Di segno opposto la posizione della segretaria del Partito Democratico, Elly Schlein, che ha puntato il dito contro le istituzioni. “Con Fakir lo Stato ha fallito”, ha dichiarato, chiedendo che venga fatta piena luce sull’accaduto perché, secondo la leader dem, “qualcosa non è andato come doveva”.

Sul fronte economico, dal vertice di maggioranza riunito a Palazzo Chigi è arrivato il via libera alla richiesta di maggiore flessibilità all’Unione europea per le spese destinate all’energia. L’intesa prevede l’estensione della clausola nazionale di salvaguardia, che consentirebbe all’Italia di disporre di circa 14 miliardi di euro di maggiore capacità di spesa per affrontare il caro energia e sostenere imprese e famiglie.

La giornata è stata anche l’occasione per Schlein di rilanciare l’azione del centrosinistra in vista dei prossimi appuntamenti elettorali. Intervenendo alla trasmissione In Onda su La7, la segretaria del Pd ha assicurato che la coalizione sarà pronta “in qualsiasi momento”, rivendicando i risultati ottenuti nelle ultime elezioni amministrative, dove – ad eccezione di Venezia – il centrosinistra ha conquistato la maggior parte dei comuni al voto.

“Quelli sono quarant’anni che stanno insieme, noi in pochi anni abbiamo costruito un’alleanza su ciò che vogliamo fare, non contro Meloni”, ha affermato. Schlein ha inoltre annunciato che il programma dell’opposizione sarà definito a partire da settembre attraverso un percorso di confronto “in mezzo alla gente”, coinvolgendo gli alleati e i territori.

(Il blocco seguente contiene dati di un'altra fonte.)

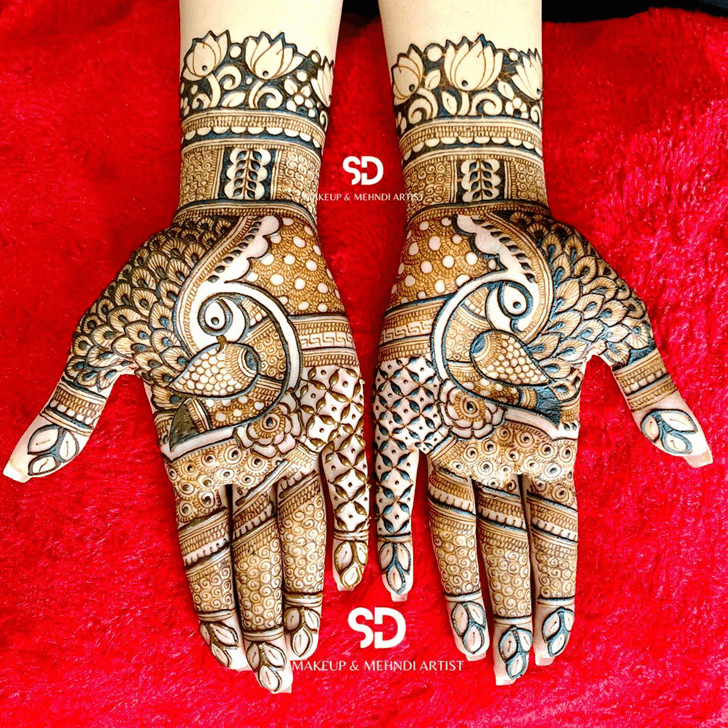 Delicate Orlando Henna Design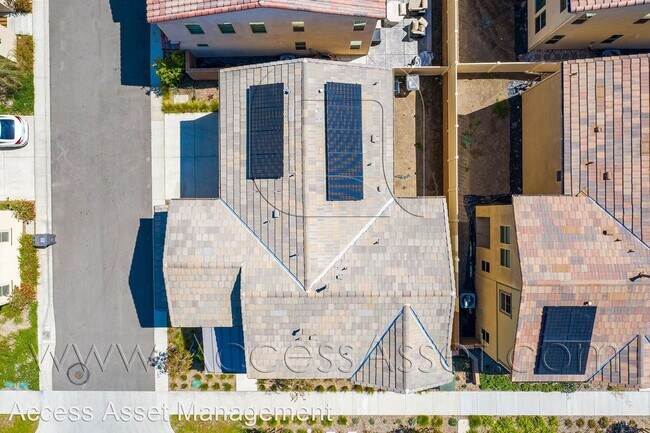 Building Photo - 4 br, 3 bath House - 4165 Powell Way  #102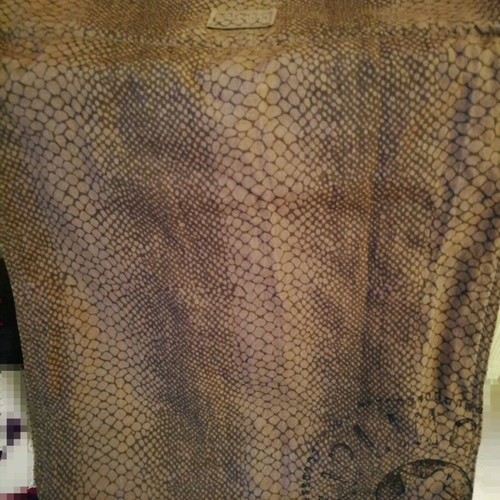 Kipling unisex shoulder bag like new with snake print 35x40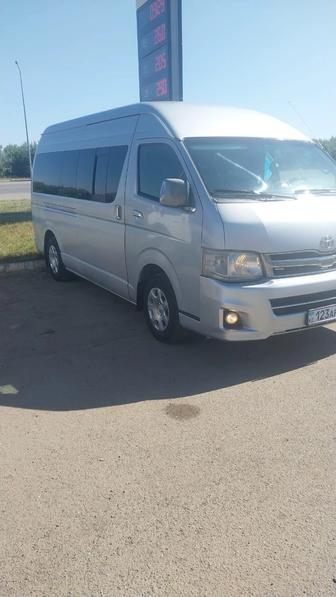 Пассажирские перевозки на Тойота Хайс. Услуги микроавтобуса. Развозка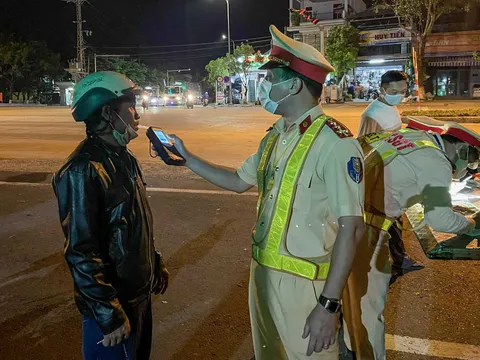 CSGT Đà Nẵng trắng đêm tuần tra, siết chặt vấn nạn xe quá khổ, quá tải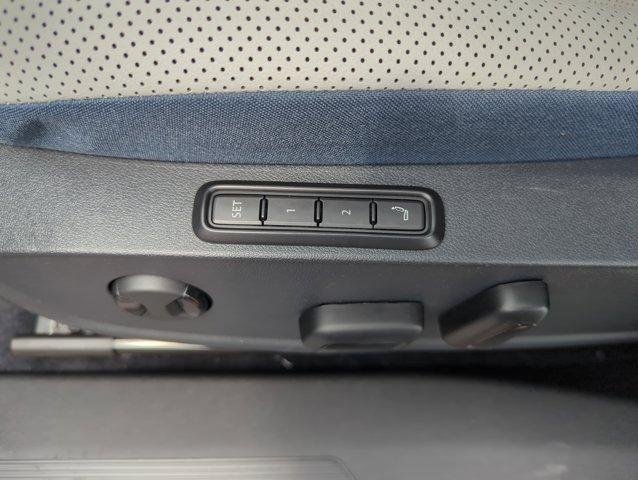 new 2025 Volkswagen ID.4 car, priced at $56,666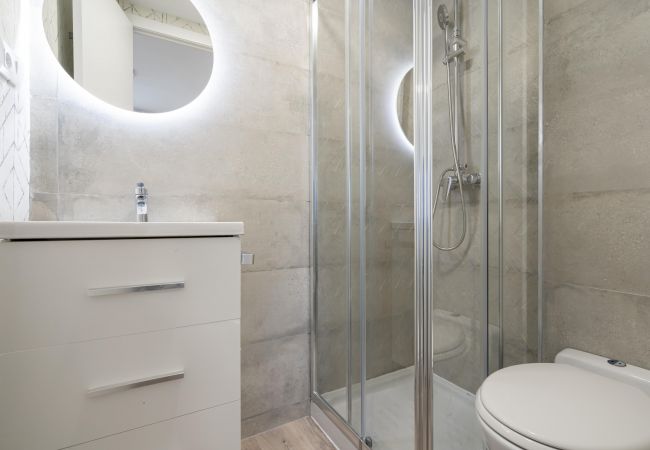 Apartamento en Madrid - M (CEB765) Parque de Atracciones-Zoo-Casa de Campo Apartamento en Madrid - M (CEB765) Parque de Atracciones-Zoo-Casa de Campo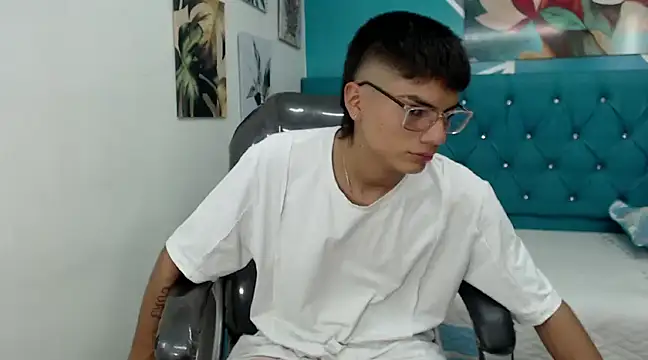 Noha scott online show from 12/30/24, 10:55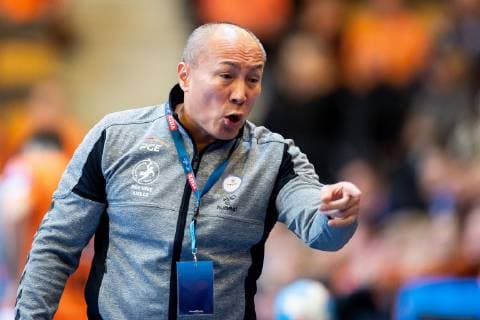 190209 Kielce Assistant coach Talant Dujshebaev during the handball match in the Champions League between Kristianstad and Kielce on February 9, 2019 in Kristianstad,  Copyright: AvdoxBilkanovic BB190209AB132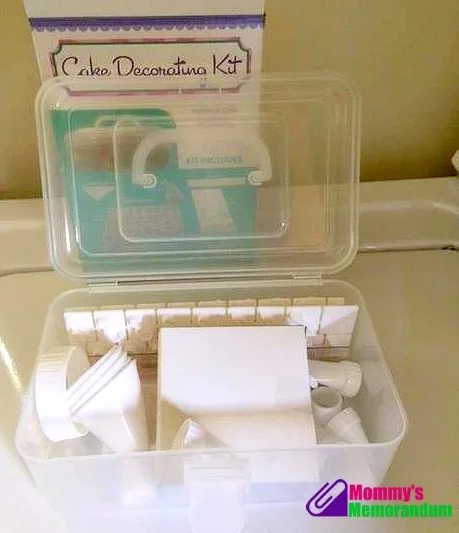 cake decorating beginner kit caddy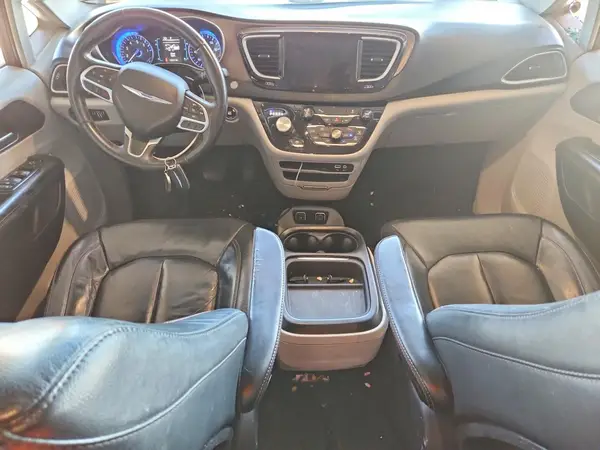 2C4RC1BG9HR539748 2017 CHRYSLER PACIFICA - Image 8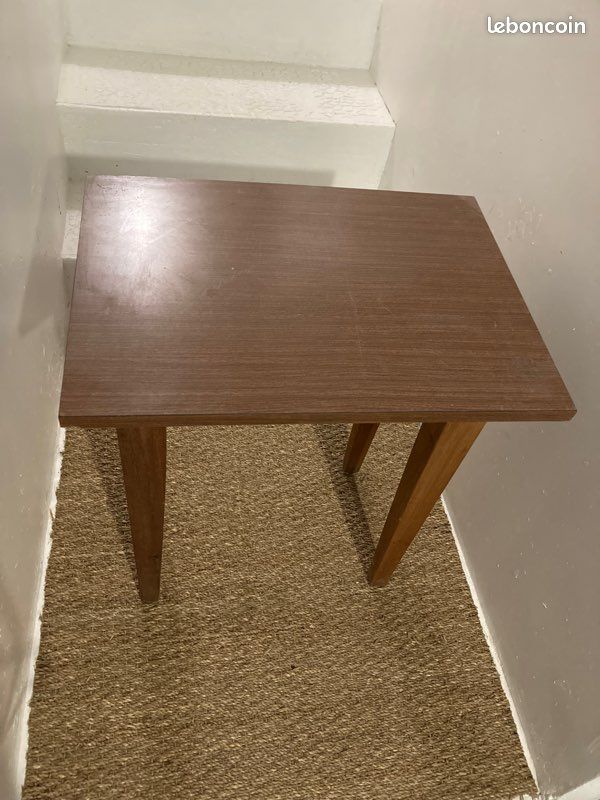 Table vintage (image 1)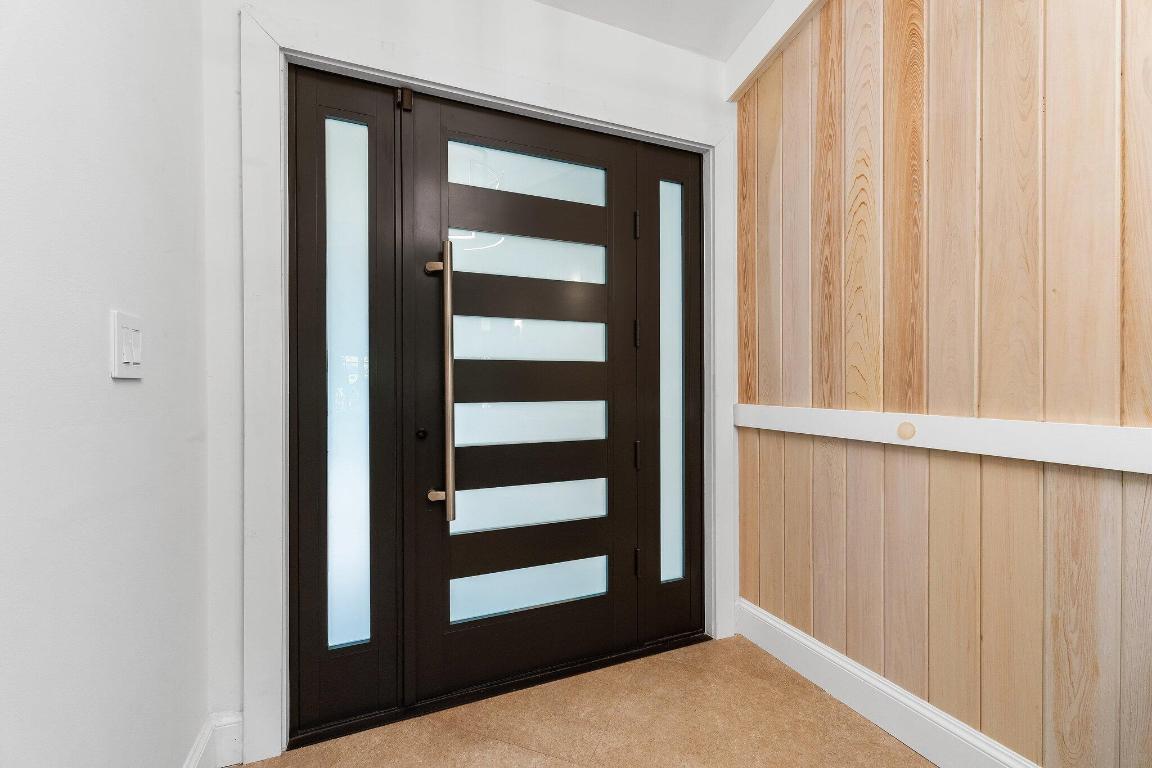 TWELVE OAKS - Residential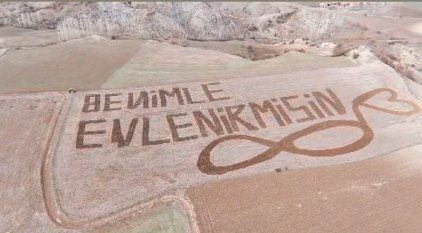 Evlenme teklifini sanata dönüştüren Çorumlu çiftçi - Resim: 1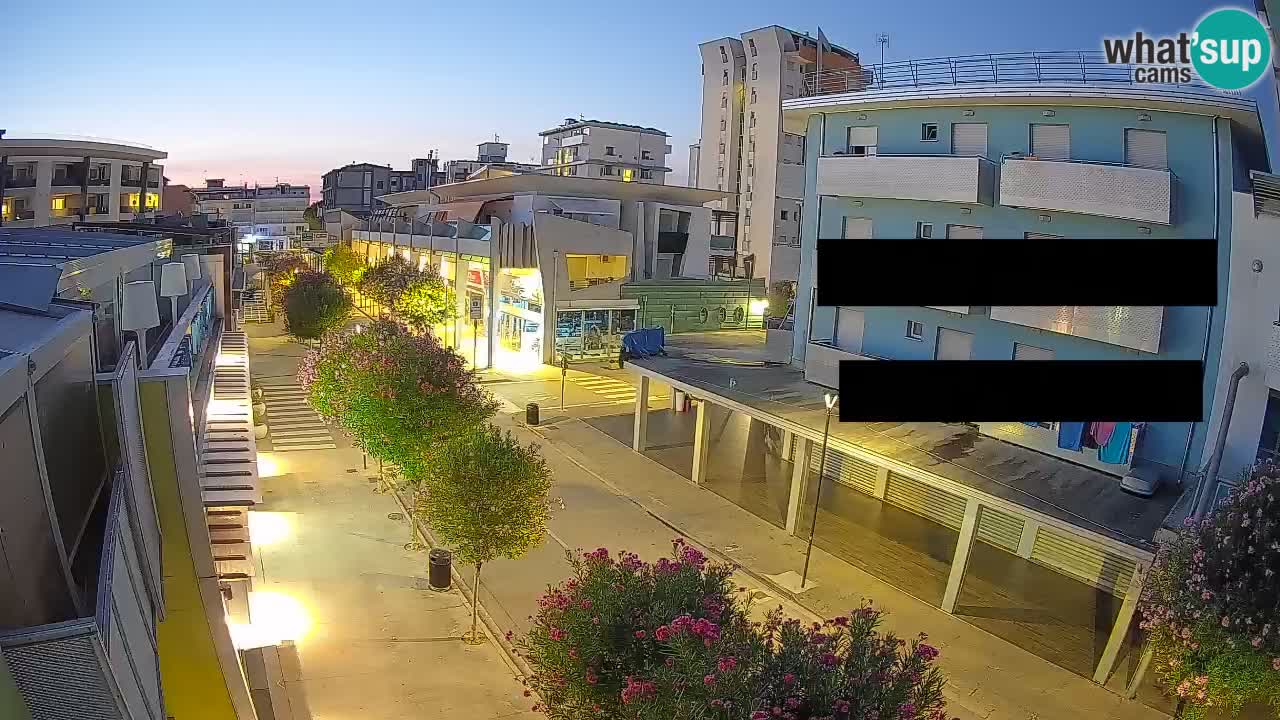 Webcam Paseo de Bibione – Viale delle Costellazioni en directo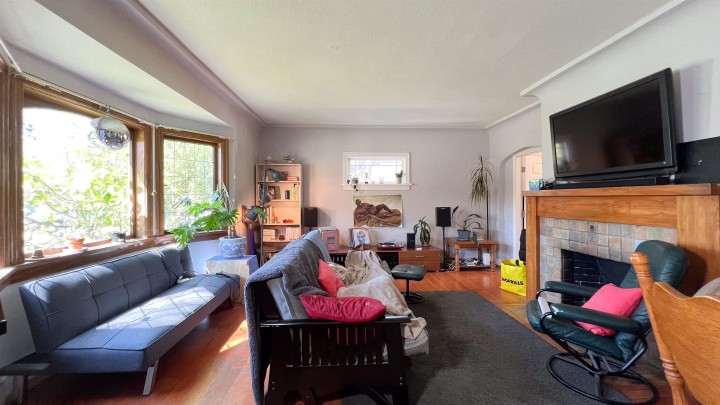 Photo 5 at 3088 Discovery Street, Point Grey, Vancouver West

La leader dem ha infine attaccato il governo anche sul caso Roggero, sostenendo che la maggioranza starebbe esercitando “una pressione inopportuna sul Quirinale”. “Nessuno mi toglie dalla testa che il tentativo sia quello di fare pressione sul Quirinale. Non mi stupisce da un governo che ha il chiodo fisso di modificare gli equilibri istituzionali”, ha dichiarato, collegando la vicenda anche al progetto di riforma del premierato e alle modifiche della legge elettorale.

Le distanze sul piano politico restano quindi profonde: da una parte il governo rivendica la difesa delle forze dell’ordine e cerca di consolidare la propria agenda economica, dall’altra l’opposizione incalza l’esecutivo sul piano delle responsabilità istituzionali e prepara la propria offensiva politica in vista dell’autunno.